Output word for word the lines from the one with "Another option for" to the final line of the data, both ends included, but skip the pictures.

• **Recorded information**
-------------------------

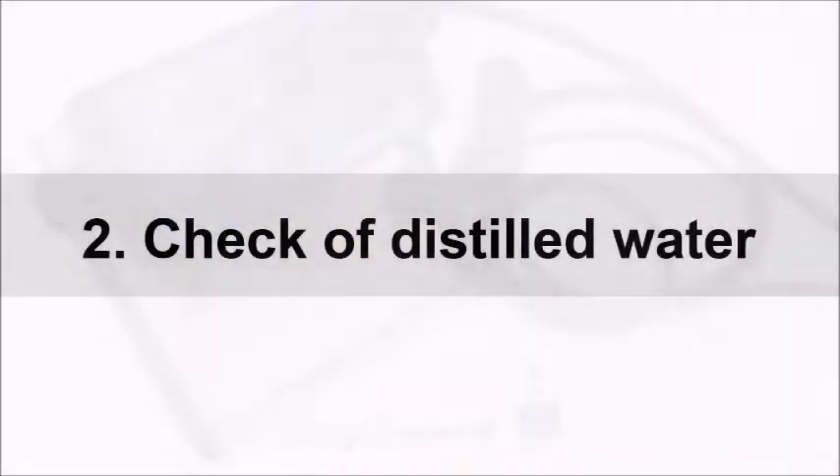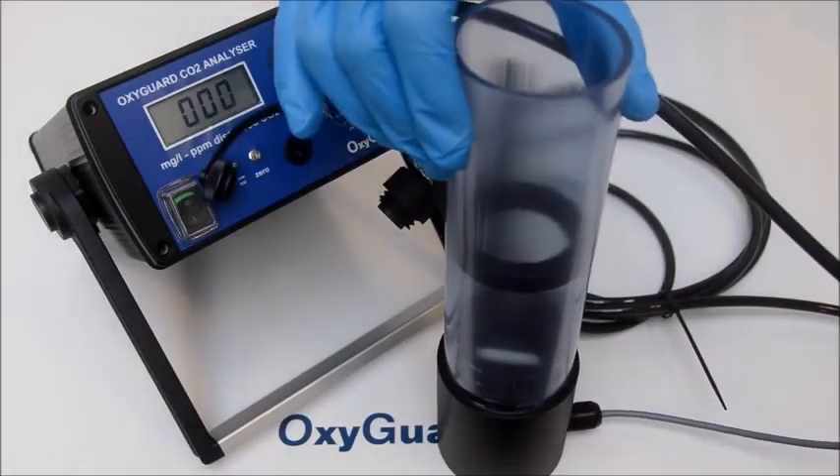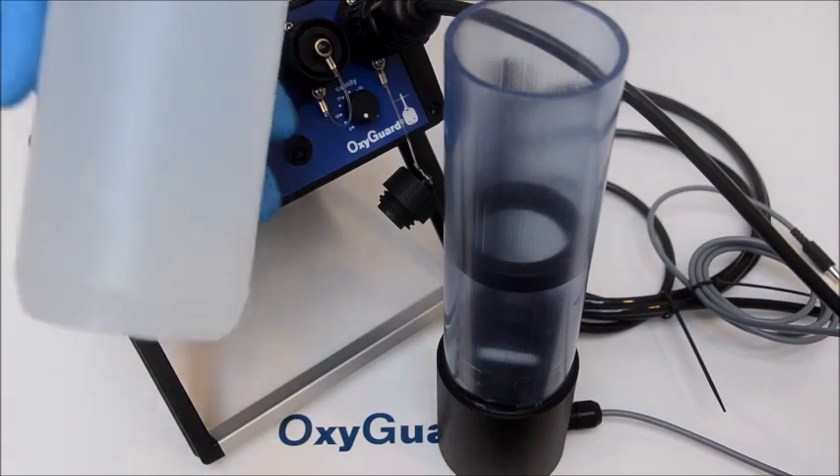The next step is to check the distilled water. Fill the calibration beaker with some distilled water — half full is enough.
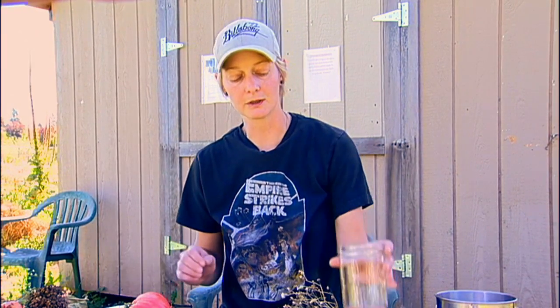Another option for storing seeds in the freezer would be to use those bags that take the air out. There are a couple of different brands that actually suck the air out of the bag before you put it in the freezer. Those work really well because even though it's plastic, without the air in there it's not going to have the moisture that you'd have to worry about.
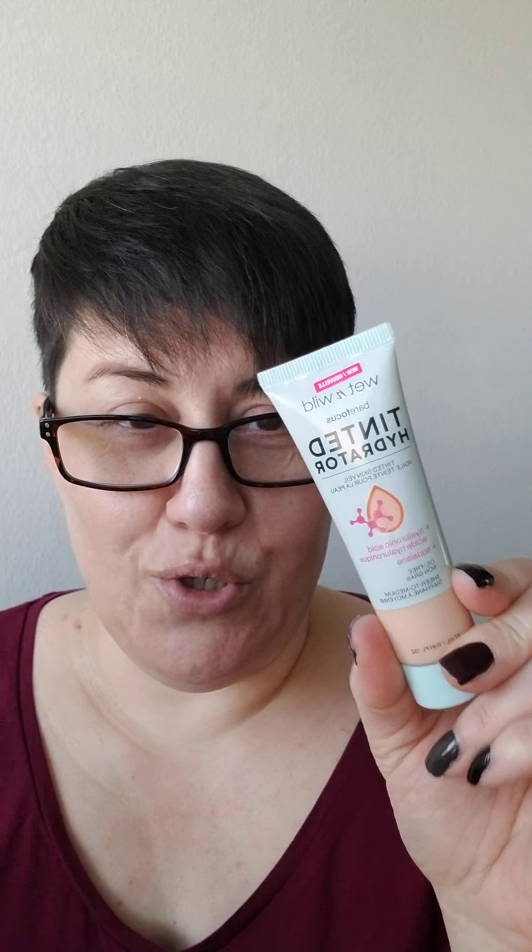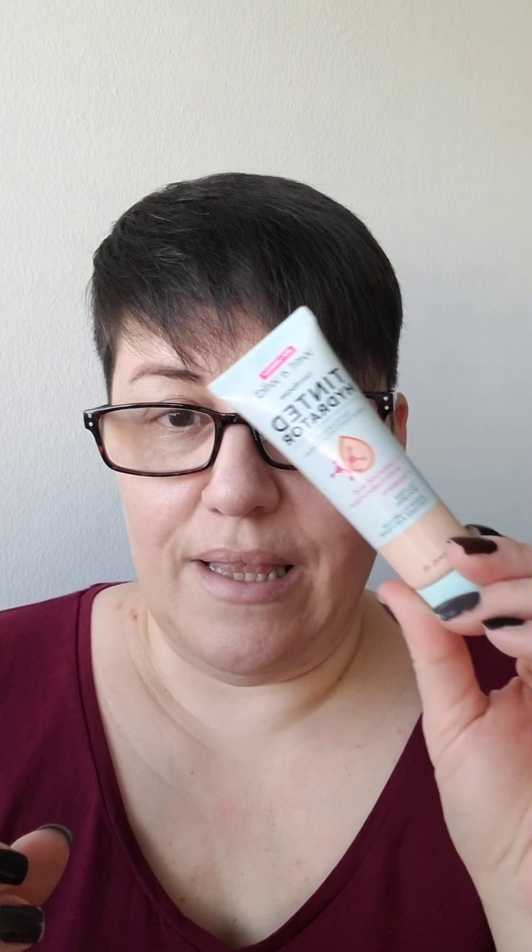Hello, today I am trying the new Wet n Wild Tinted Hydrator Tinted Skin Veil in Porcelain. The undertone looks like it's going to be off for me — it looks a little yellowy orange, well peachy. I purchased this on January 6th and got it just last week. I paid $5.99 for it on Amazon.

-------------------------

• **Reply**
Another option for storing seeds in the freezer would be to use those bags that take the air out. There are a couple of different brands that actually suck the air out of the bag before you put it in the freezer. Those work really well because even though it's plastic, without the air in there it's not going to have the moisture that you'd have to worry about.
Hello, today I am trying the new Wet n Wild Tinted Hydrator Tinted Skin Veil in Porcelain. The undertone looks like it's going to be off for me — it looks a little yellowy orange, well peachy. I purchased this on January 6th and got it just last week. I paid $5.99 for it on Amazon.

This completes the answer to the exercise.